Nashville Predators General Manager David Poile arrived in Nashville in 1997 to begin preparing the Predators to start play in the fall of 1998. By that time, he had already been established as a man who built his teams from the back (defense) to the front.

He brought Hockey Hall of Famers Rod Langway and Larry Murphy to Washington by trades and drafted Scott Stevens. Later, he traded for Calle Johansson and Al Iafrate. Those Washington Capitals teams got a lot of offense from their defense.

The same has happened in Nashville, almost from the start. However, this season’s Predators top six on defense is extra special in that they were all drafted (granted, one was reacquired in a trade) by the Predators.

See Preds Defense All-time

Not many teams can make that claim. The breakthrough after the team’s expansion era came in the 2003 NHL Entry Draft, held in Nashville. The Predators selected four defensemen in that draft that have played for them.

Ryan Suter (first round, seventh overall) played 542 games for the Preds before his free agent departure to Minnesota. In the second round, the Predators harvested Kevin Klein (37th overall) and Captain Shea Weber (49th overall). Klein played 403 games for Nashville before his (Jan. 22, 2014) trade to the New York Rangers, while Weber has notched 682 and counting. Also taken in the third round was Alex Sulzer (92nd overall), who played in 53 games for the Predators. Weber, Suter and Klein were the core of the Predators’ defense from 2006 through 2012.

Cody Franson, boyhood friend of Weber in British Columbia, was drafted two years later, taken in the third round, 79th overall, in 2005. He joined the other three on the blueline from 2009 through 2011, before he was traded to Toronto in July of 2011.

In 2009, the Predators selected two more members of the current defensemen.
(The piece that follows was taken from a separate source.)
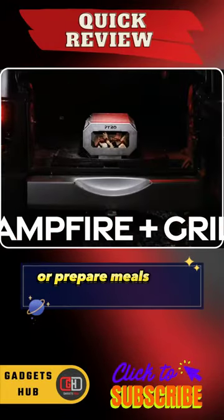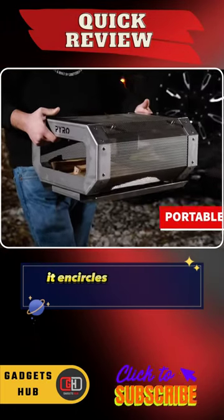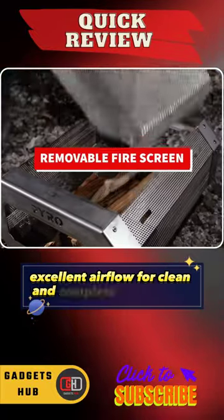Stay warm outdoors or prepare meals with friends in the garden with the Pyro portable campfire pit. It encircles the fire in a protective mesh to provide excellent airflow for clean and complete combustion.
Ryan Ellis was a first rounder, (11th overall), taken from the Windsor Spitfires, where his coach was original Predator defenseman Bob Boughner.

Ellis spent two more award-winning seasons at Windsor after his selection, then made his first tentative steps as a pro in 2011-12, split between Milwaukee and Nashville. Last season, the light bulb seemed to fully illuminate for him, and from January 2014 going forward, he has begun to realize his potential.

Mattias Ekholm did not immediately come to North America after he was drafted by the Preds in 2009. He remained two more seasons in Sweden, had a difficult two-game trial with the Predators in 2011-12, and then finished back in Sweden. However, a strong 2012-13 season in Milwaukee prepared him for the transition and he has spent the past two seasons as a regular with the Predators. He has made a very large step forward this season.

At the 2013 Draft, it appeared the Predators were going to draft a forward. Heading into that selection meeting, the Predators had Seth Jones tabbed as the best player available. Poile thought there was no chance to land Jones, as the Preds were picking fourth. However, Colorado took center Nathan MacKinnon; Florida went for center Alexander Barkov, and Tampa Bay nabbed winger Jonathan Drouin.

It was at that point that Poile sprinted to the podium and took Seth Jones with the fourth pick. Poile had told reporters in a pre-draft meeting that he would indeed take Jones if such a scenario worked out, he also said he didn’t think there was anyway that it would.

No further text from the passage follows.